L’Autrice, dunque, senza maschere, né giravolte e neppure orpelli, durante la sua narrazione è capace di svelare, sinceramente, la profezia della parola viva vissuta, sempre, come esercizio spirituale, viaggio iniziatico, autentico dono e non soltanto messaggio ma, soprattutto, come fede che sostanzia l’esistenza anche dopo il trapasso.
      E in effetti pura poesia appare il sorriso ingenuo dei piccoli, la sagacia di un marito attento,  l’attaccamento alle proprie radici, la voce soave dei cari, l’afa delle notti estive, i ritmi del quotidiano andare, i riti del Santo Natale ma anche, l’amore non vissuto, il coraggio di una donna maltrattata, il dolore di un padre, la follia di una madre offesa, la nobiltà di un anziano uomo, la solitudine dei più deboli e, infine, le indicibili sconfitte, i tormenti dell’anima e la stessa inconcepibile morte.   

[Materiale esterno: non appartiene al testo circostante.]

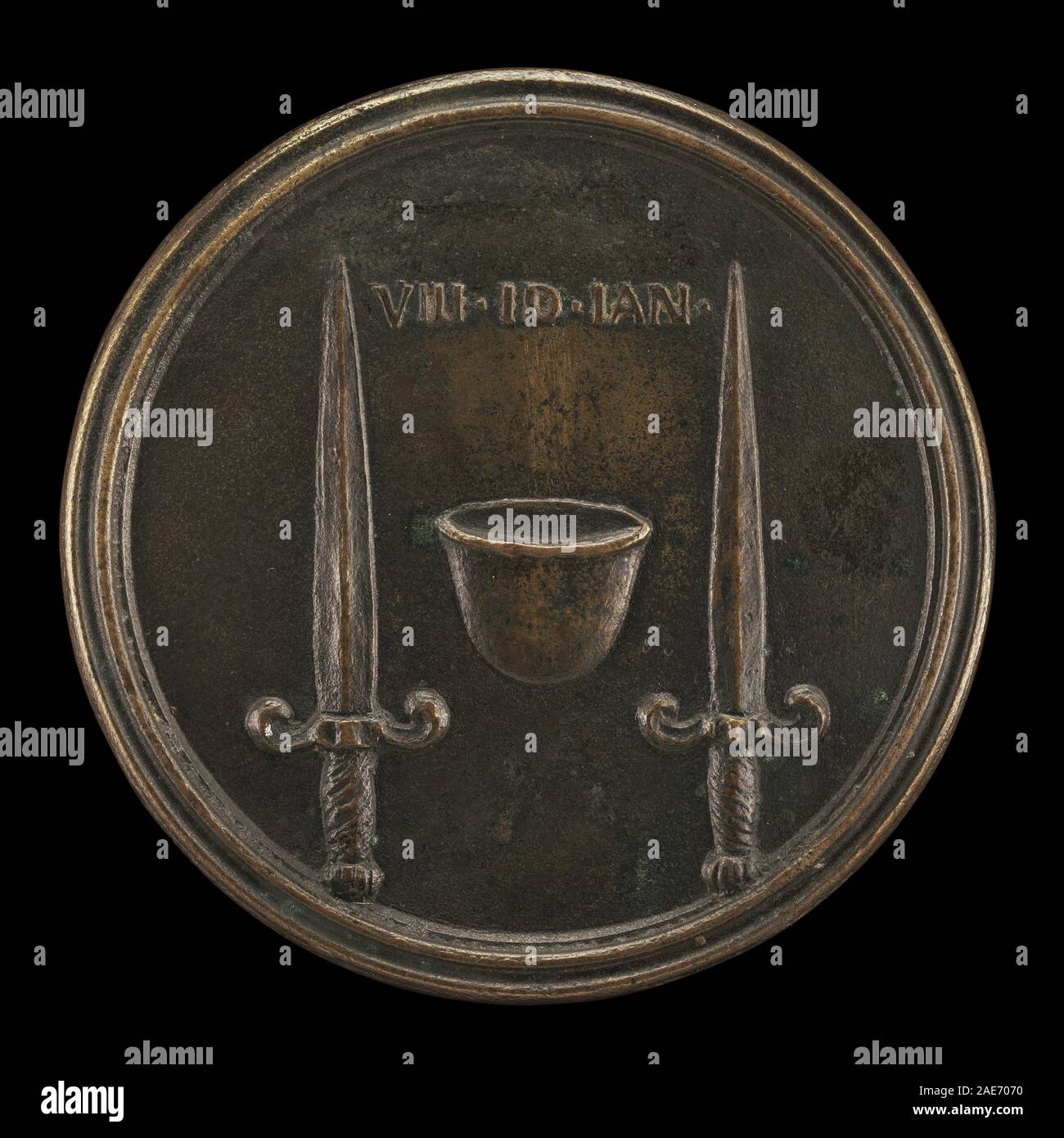 Cap de la liberté entre poignards [AR] ; ch. 1740 Antonio Francesco Selvi, Cap de liberté entre poignards (marche arrière), c 1740 Banque D'Images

    Il trionfo del versus è dato, comunque, dalla figura evanescente di Marta - bimba divina eternizzata mai fantasma, né ombra, neppure spirito - che appare per magia nelle notti estive come stella, preziosa cometa, luce esplicativa, guida per la vita oltre la morte.  
    Luce, cometa, bellezza, stella, guida, magia, vita e morte. Marta come supremo fiat.             
Sì, un fiat che spinge Tommaso Romano a scrivere nella sua postfazione come “Ambienti, luoghi, momenti emblematici e situazioni differenti, trovano così compimento nella metafora e nella simbologia, attraverso una introspezione che descrivendo interroga”, facendo espresso riferimento ora “alla Grazia che può risplendere, anzitutto come Luce interiore”, ora “al supplemento d’anima di una scrittura che è materia di autentica vitalità e stile”, scrittura, capace di diviene - così come testimonia Mirko Dario Cacicia nella sua nota - un “modus narrandi” orientato verso il “mos maiorum” in nome del “rispetto per il classico, per le tradizioni familiari, per la religione (…) e la conservazione dell’arte” anche quest’ultima contemplata ampiamente - lungo le novantasette facciate che compongono il piccolo volume magistralmente curato da Giovanni Azzaretto. - sia attraverso le testimonianze di ordine autobiografico, sia attraverso le emblematiche foto che ricostruiscono la variegata storia di Palermo, sia attraverso la creatività pittorica di Ilaria Caputo che fa della copertina un’opera capace di evocare la seduzione dell’arte delle forme e dei colori.
   Ma non è tutto. “Un altro punto focale della trama è l’inconscio che si rifà all’antica psicologia freudiana”, scrive Giovanni Teresi, il quale nella sua attenta ed esaustiva prefazione non esita a sottolineare l’alto messaggio pedagogico racchiuso nella “partecipazione della famiglia alla missione profetica, sacerdotale e regale di Gesù Cristo e della sua Chiesa. L’amore e la vita costituiscono il nucleo della missione salvifica della famiglia” la quale viene descritta dalla stessa Autrice come “grande tesoro” che “come tutti i tesori, bisognerebbe apprezzare il grande valore.”
   Sì, così scrive la ricca Maria Concetta Ucciardi che tiene in pugno un autentico tesoro ulteriormente accresciuto dal suo fare scrittura creativa e dal suo essere autenticamente donna.